А когда речь о жанре, про который забавник Юлиан Тувим написал в свое время так: «Нищета идиотского шаблона, тошнотворной сентиментальности, дешевой разнузданности, убийственных шуточек, хамство «безумной роскоши», бездонная черная тоска извечных ситуаций, банальность унылых «эффектов» – весь этот протухший торт, начиненный мелодраматическими сладостями, политый приторными сливками, каким-то кремом с малиновым сиропом, то бишь «мотивчиками», все это неприличие, сладострастно облизываемое кретинами из партера и мелобандитами с галерки, весь этот театральный организм, именуемый опереттой, должен быть, наконец, пнут в соответствующее место столь основательно, чтобы все в нем перевернулось», – что делать режиссеру? Ясное дело: пнуть в соответствующее место и все перевернуть.

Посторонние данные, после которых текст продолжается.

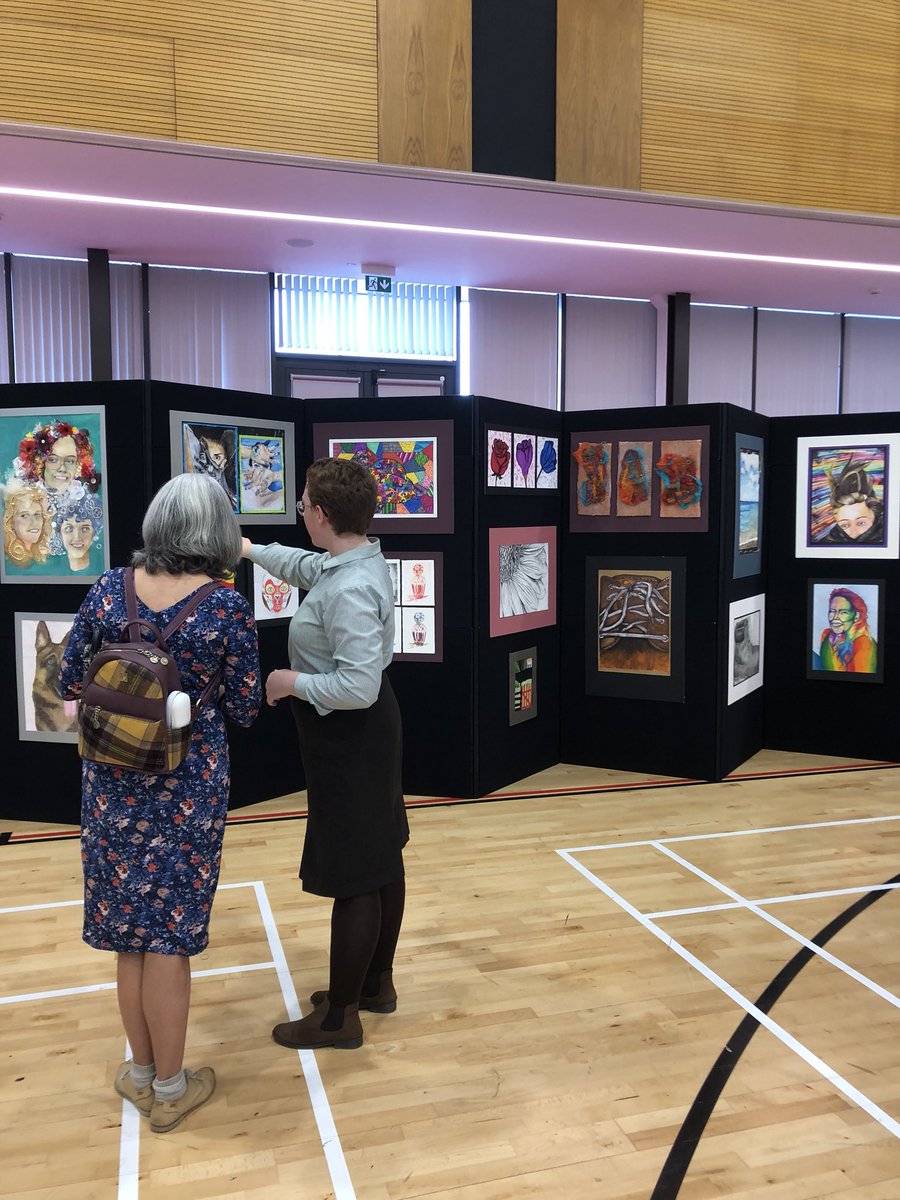 FermanaghTrust's tweet image. Launch of NI’s first ever shared education week. Over half of the schools in NI (60,000 children) taking part in meaningful shared learning experiences. Well done to @SharedEdLF for organising. Great to see collaboration between schools &amp;amp; stakeholders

Однако постановщики оперетты Кальмана «Графиня Марица», которую в июне привез в Израиль Будапештский театр оперетты и мюзикла, предпочли, на первый взгляд, именно «музей». Сказано «действие происходит в поместье», – и художник Агнес Дьярмати в первом действии любовно выстраивает декорации в духе театра конца позапрошлого – начала прошлого века: добротный дом, деревья с листочками, въездная арка крыта почти взаправдашней черепицей, а во втором действии тщательно выделаны все декоративные детали интерьера графского дома. И когда речь заходит о сне, действие которого происходит в некоем шикарном кабаре, то и его убранство явлено во всей пышности и крикливой роскоши. Никакой экономии на декорациях, разве что зал помещичьего дома превращается в злачное место простым поворотом выстроенных на сцене стен, каминов и зеркал, осуществляемым в мгновение ока самими действующими лицами.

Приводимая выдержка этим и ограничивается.